The Power and Limitations of Static Binary Search Trees with Lazy Finger

TL;DR

This paper investigates static binary search trees with lazy finger search, revealing their limitations compared to dynamic trees and providing a new runtime expression and a method to compute optimal lazy finger trees.

Contribution

It introduces a non-entropy-based runtime expression for optimal lazy finger trees and presents a dynamic programming approach to compute them.

Findings

Lazy finger trees outperform classic root-finger trees but are less powerful than dynamic trees.

The runtime of optimal lazy finger trees is not entropy-based, unlike root-finger trees.
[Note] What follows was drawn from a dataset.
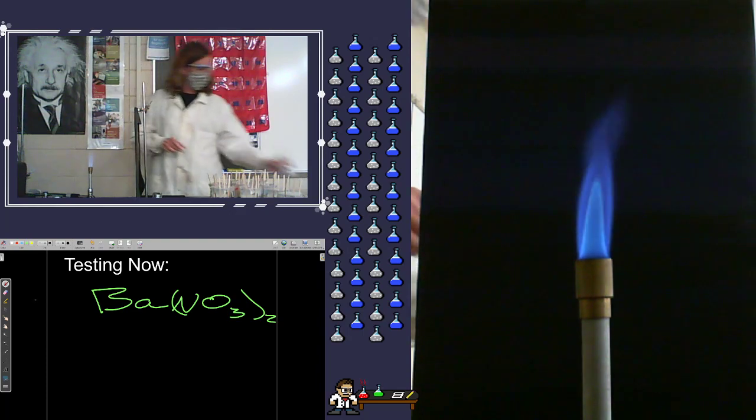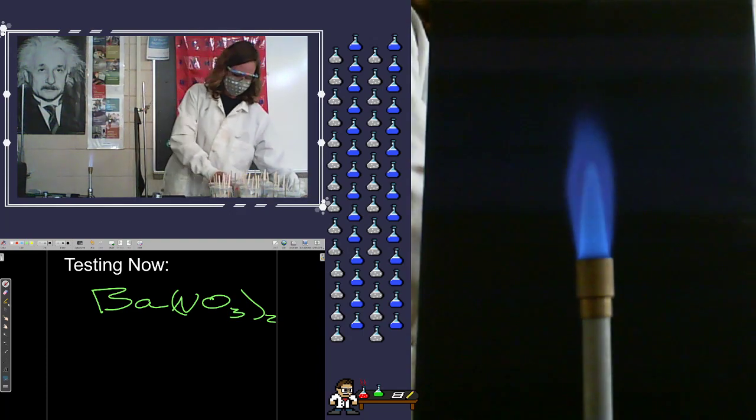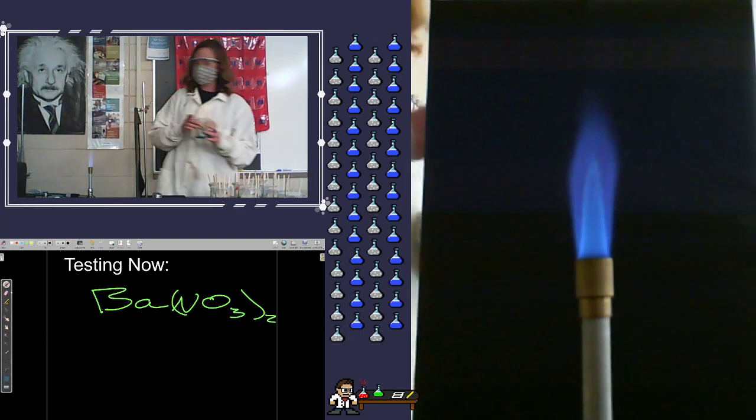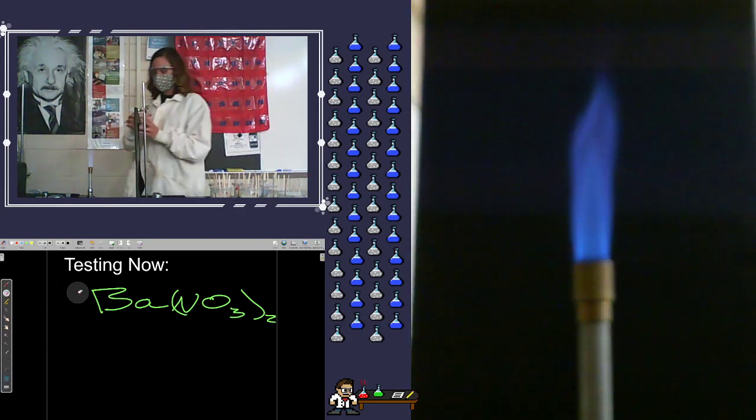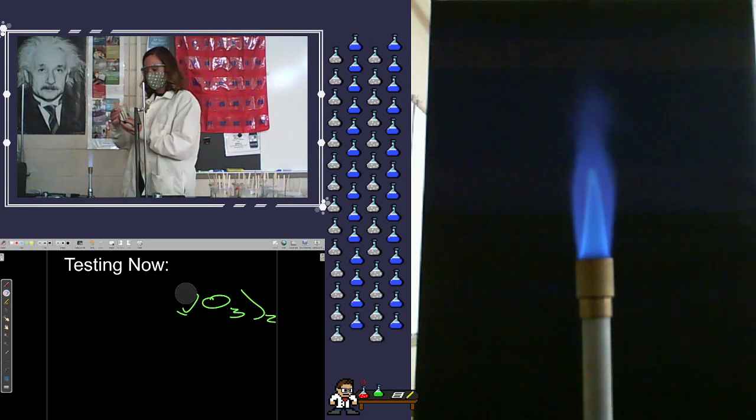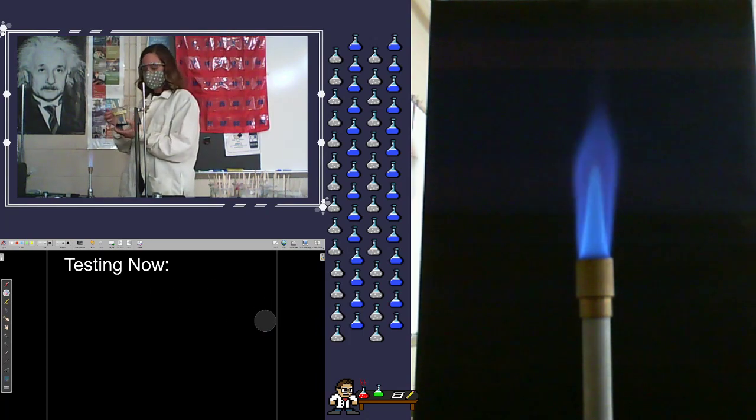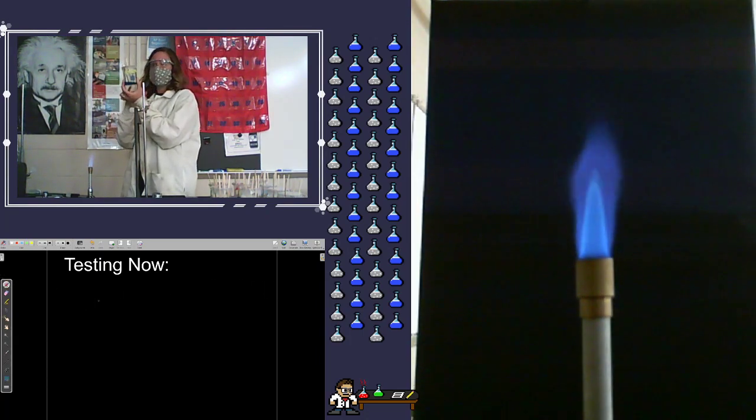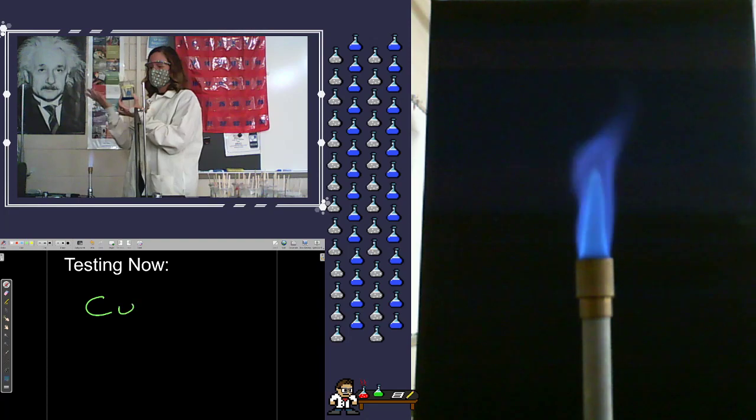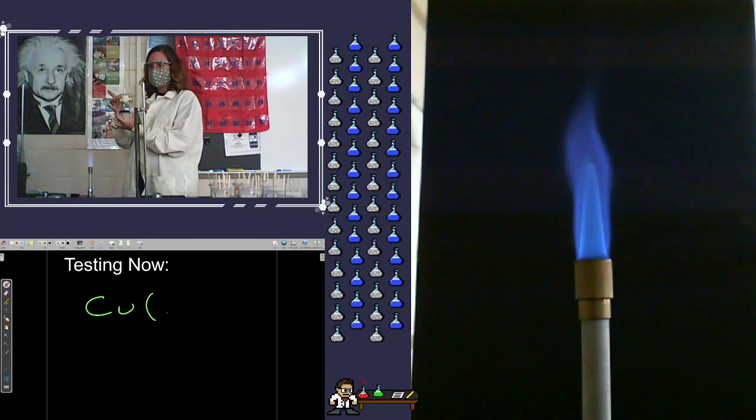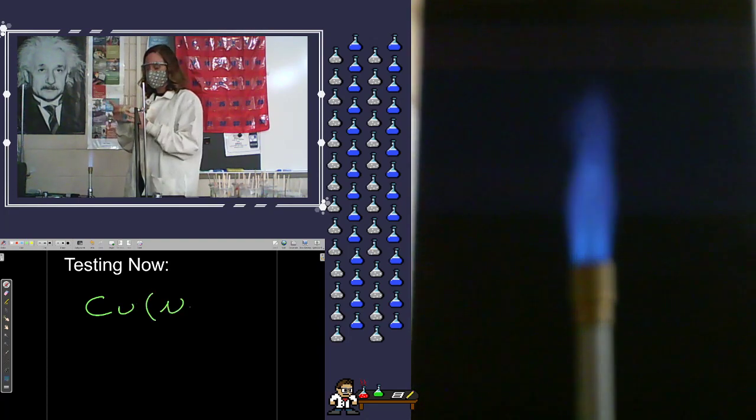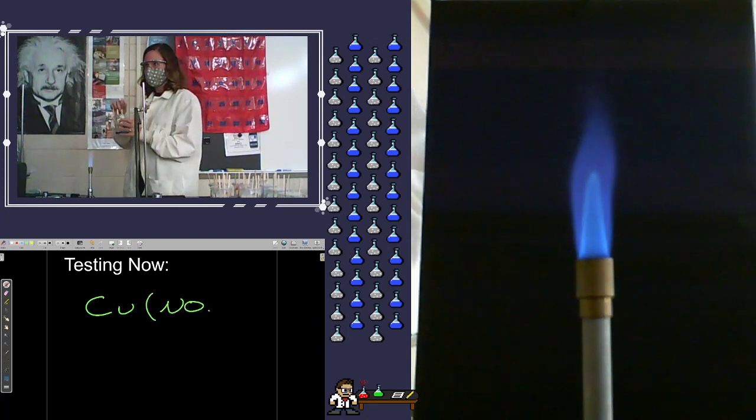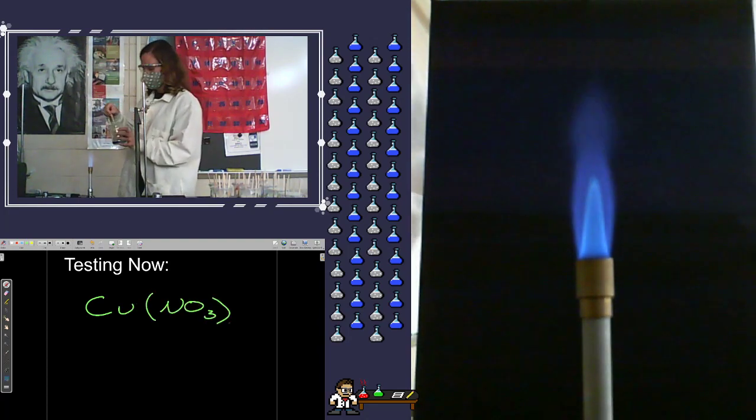Wonderful. Our next one, which is quite possibly my favorite, is copper 2 nitrate. And this copper 2 nitrate, you notice that it has a blue liquid. But is that blue liquid, is that blue color going to affect the color of the flame you see?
A dynamic programming method is proposed to compute the optimal lazy finger trees.

Abstract

A static binary search tree where every search starts from where the previous one ends (lazy finger) is considered. Such a search method is more powerful than that of the classic optimal static trees, where every search starts from the root (root finger), and less powerful than when rotations are allowed---where finding the best rotation based tree is the topic of the dynamic optimality conjecture of Sleator and Tarjan. The runtime of the classic root-finger tree can be expressed in terms of the entropy of the distribution of the searches, but we show that this is not the case for the optimal lazy finger tree. A non-entropy based asymptotically-tight expression for the runtime of the optimal lazy finger trees is derived, and a dynamic programming-based method is presented to compute the optimal tree.